■ PROVIDED DATA
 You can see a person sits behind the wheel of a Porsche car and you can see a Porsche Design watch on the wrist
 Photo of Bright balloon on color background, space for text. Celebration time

---

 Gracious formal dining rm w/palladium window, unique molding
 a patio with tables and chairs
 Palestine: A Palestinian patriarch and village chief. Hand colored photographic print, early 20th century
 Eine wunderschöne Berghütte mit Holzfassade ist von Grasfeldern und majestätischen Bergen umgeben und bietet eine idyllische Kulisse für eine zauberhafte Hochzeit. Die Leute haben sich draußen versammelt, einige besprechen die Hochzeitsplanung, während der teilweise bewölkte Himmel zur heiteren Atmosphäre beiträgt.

■ YOUR GOAL
Please transcribe only the lines in the records above running from the line that has "Palestine: A Palestinian" through the line that has "Eine wunderschöne Berghütte", both included, exactly as they appear.

■ WRITTEN ANSWER
 Palestine: A Palestinian patriarch and village chief. Hand colored photographic print, early 20th century
 Eine wunderschöne Berghütte mit Holzfassade ist von Grasfeldern und majestätischen Bergen umgeben und bietet eine idyllische Kulisse für eine zauberhafte Hochzeit. Die Leute haben sich draußen versammelt, einige besprechen die Hochzeitsplanung, während der teilweise bewölkte Himmel zur heiteren Atmosphäre beiträgt.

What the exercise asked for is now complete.